# Weird graphics problem...



## rajsujayks (Mar 9, 2011)

I recently upgraded from my old nVidia GeForce 8600GT 256MB (It went kaput! after 3 years of 80° C running...) to a spanking new ASUS ENGTS450 1GB graphic card...

And I'm facing this weird problem...All games work fine...But when I reboot the PC and try to start a game, it crashes...Reinstalling the nVidia drivers (version 266.58) makes the games playable again...But again after restarting the same thing happens...Again, reinstalling the drivers makes them playable and so on...

I've got ASUS Smart Doctor and GamerOSD installed...But GamerOSD is disabled as I didn't find it working in Windows 7 64-bit...But I use EVGA precision to monitor frame rates in its place...

What could be the problem...? It's really irritating me...I'm not sure whether it cropped up immediately after the upgrade...It did seem fine after the upgrade...Please help...


----------



## abirthedevil (Mar 9, 2011)

350watt PSU? which make? 

btw check if there is some conflict due to previous GPU drivers and program associations


----------



## asingh (Mar 9, 2011)

Use Driver Sweeper to clean out the nVidia driver remnants.

Then install them again. Some driver conflict.


----------



## rajsujayks (Mar 10, 2011)

abirthedevil said:


> 350watt PSU? which make?
> 
> btw check if there is some conflict due to previous GPU drivers and program associations



I guess you're asking that question cause the minimum recommended PSU for the GTS450 is 400 watts... Anyway, as mine is a DELL Inspiron 530 desktop, the PSU is also DELL branded... And upon closer look, I found it to be manufactured be LiteOn...

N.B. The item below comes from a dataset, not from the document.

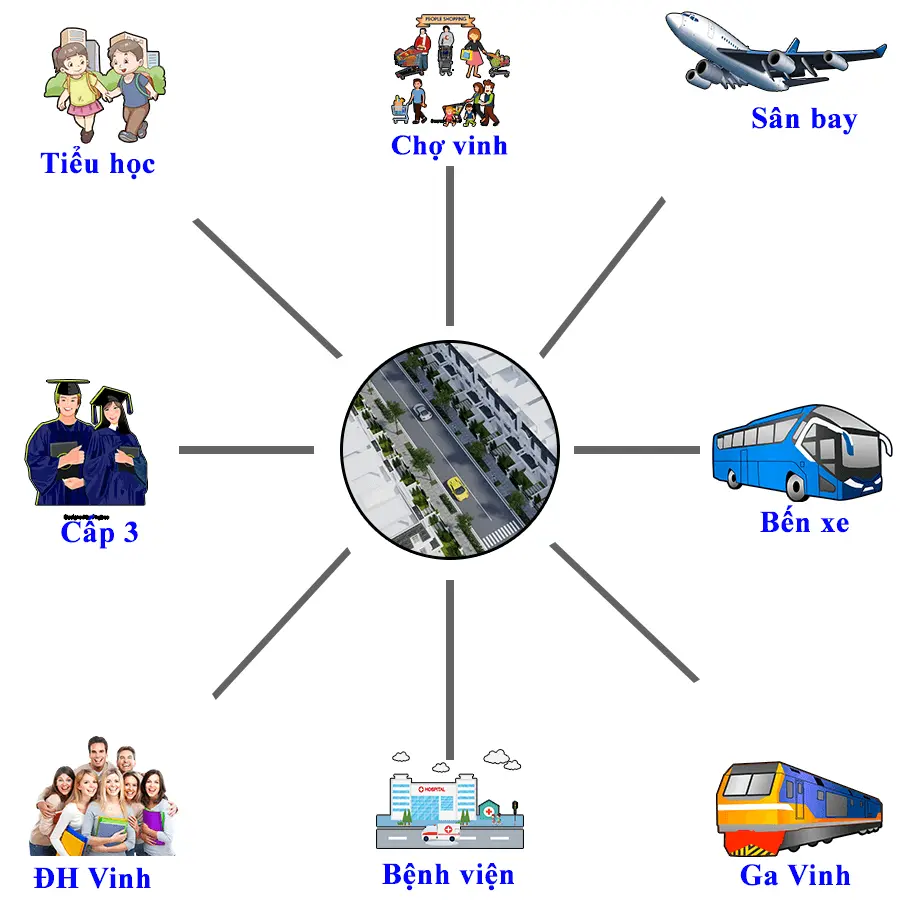 Liên kết tiện ích ngoại khu dự án Yên Bình Homes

And I'll check upon your suggestion...And reply soon..

---------- Post added at 06:44 PM ---------- Previous post was at 06:30 PM ----------




asingh said:


> Use Driver Sweeper to clean out the nVidia driver remnants.
> 
> Then install them again. Some driver conflict.



I'll try the suggestion...


----------



## MegaMind (Mar 10, 2011)

even a 600w generic psu wont be enough for gts450.... but a corsair 400w psu will be more than enough.... A psu cannot be judge by the wattage, but by efficiency...


----------



## rajsujayks (Mar 10, 2011)

mailme.manju said:


> even a 600w generic psu wont be enough for gts450.... but a corsair 400w psu will be more than enough.... A psu cannot be judge by the wattage, but by efficiency...

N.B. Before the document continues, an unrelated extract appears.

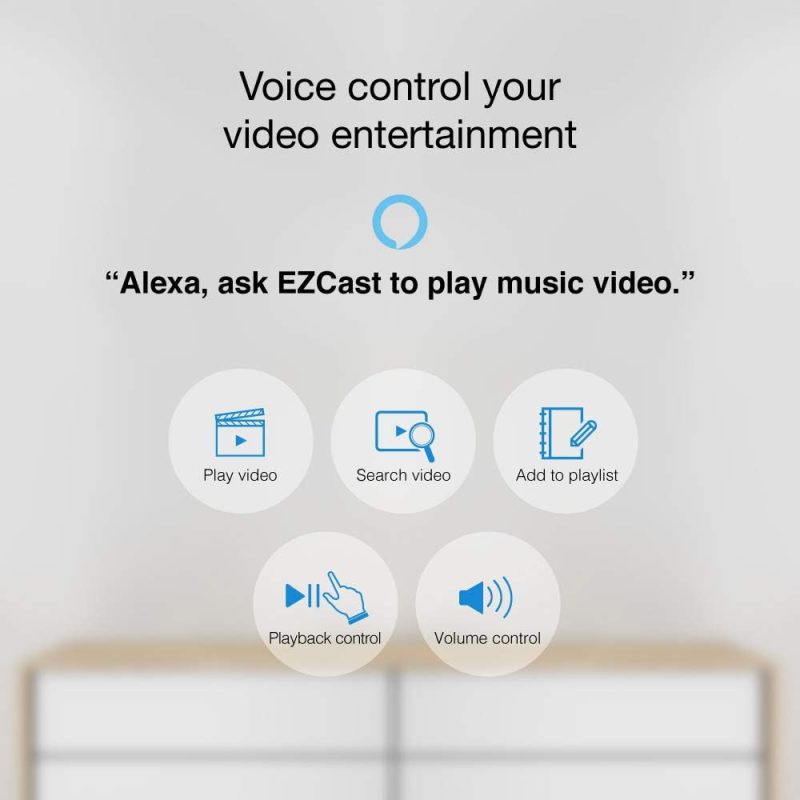 EZCast 2 Wireless 4K 5GHz Display Receiver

And I say mine is really efficient...cause it's running the GTS450 at max load without any problems... And by the way, if you go to Antec's website and use the power calculator (Antec Power Supply Calculator) it comes close to only 320 watts for my system...


----------



## MegaMind (Mar 10, 2011)

rajsujayks said:


> And I say mine is really efficient...cause it's running the GTS450 at max load without any problems... And by the way, if you go to Antec's website and use the power calculator (Antec Power Supply Calculator) it comes close to only 320 watts for my system...



Is ur psu 80+ certified?
If so your psu is not a prob...


----------



## rajsujayks (Mar 10, 2011)

mailme.manju said:


> Is ur psu 80+ certified?
> If so your psu is not a prob...



I'm damn sure my PSU's not a problem...'Cause it works fine after I reinstall the drivers, even when the game settings are maxed up! (Hot Pursuit 2010 and DiRT2) ...

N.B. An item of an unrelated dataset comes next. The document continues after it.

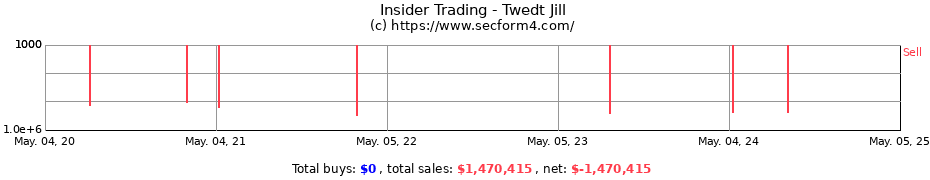 Insider Trading Transactions for Twedt Jill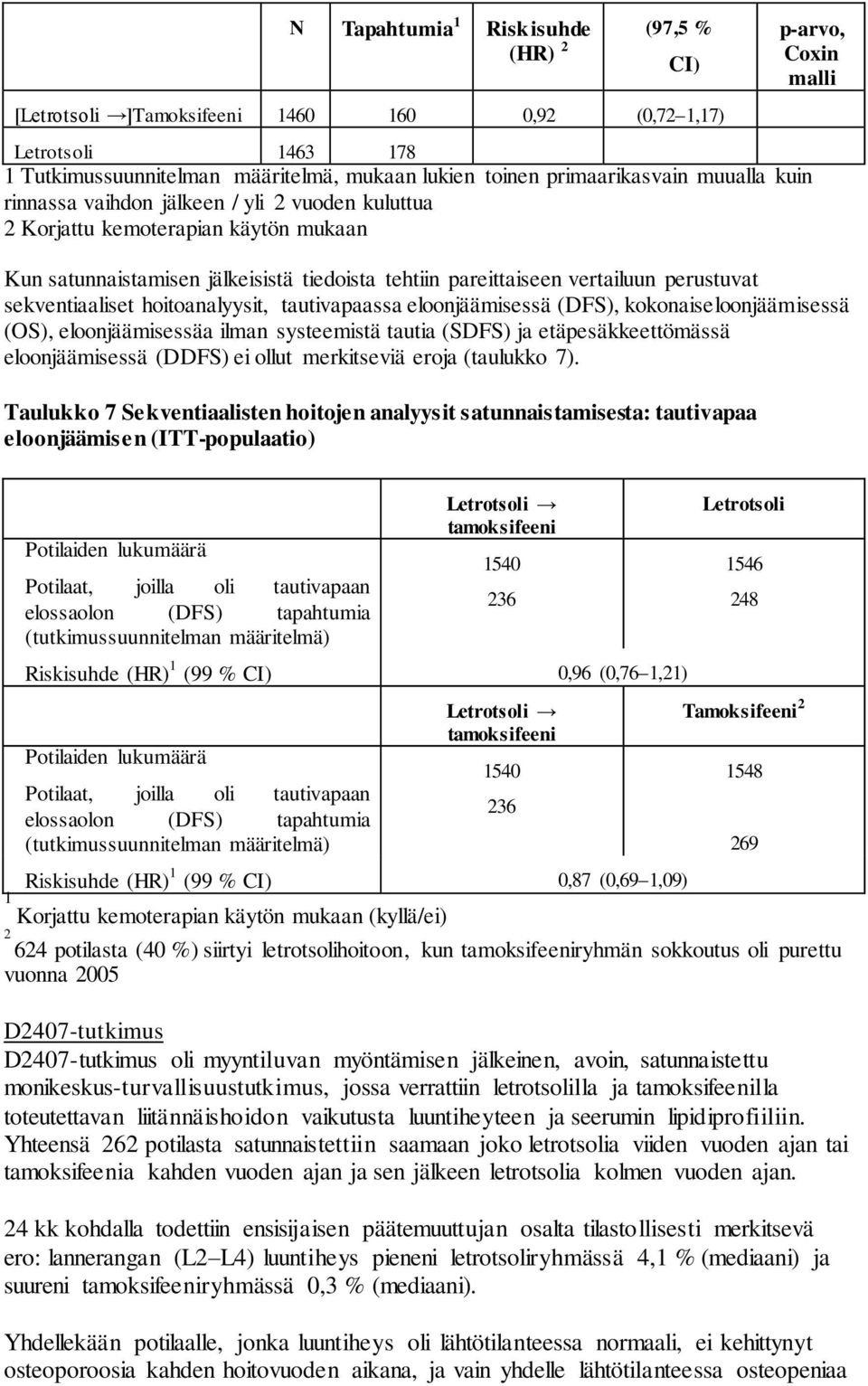 sekventiaaliset hoitoanalyysit, tautivapaassa eloonjäämisessä (DFS), kokonaiseloonjäämisessä (OS), eloonjäämisessäa ilman systeemistä tautia (SDFS) ja etäpesäkkeettömässä eloonjäämisessä (DDFS) ei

---------- Post added at 09:16 PM ---------- Previous post was at 09:14 PM ----------




asingh said:


> Use Driver Sweeper to clean out the nVidia driver remnants.
> 
> Then install them again. Some driver conflict.



Driver Sweeper doesn't seem to fix the problem...It worked after the reboot accompanying the reinstall of the driver after I cleaned it up...But with the next reboot..Same old story!

---------- Post added at 09:17 PM ---------- Previous post was at 09:16 PM ----------

Please help me! This is really irritating in my otherwise flawless system!


----------



## MegaMind (Mar 10, 2011)

try reseting the bios... i.e, load optimised defaults

---------- Post added at 09:21 PM ---------- Previous post was at 09:20 PM ----------

hav u tried reinstalling the OS?


----------



## vamsi_krishna (Mar 10, 2011)

Try a different version of drivers. May be which are a bit old. Don't try just one.. use multiple drivers of different version. 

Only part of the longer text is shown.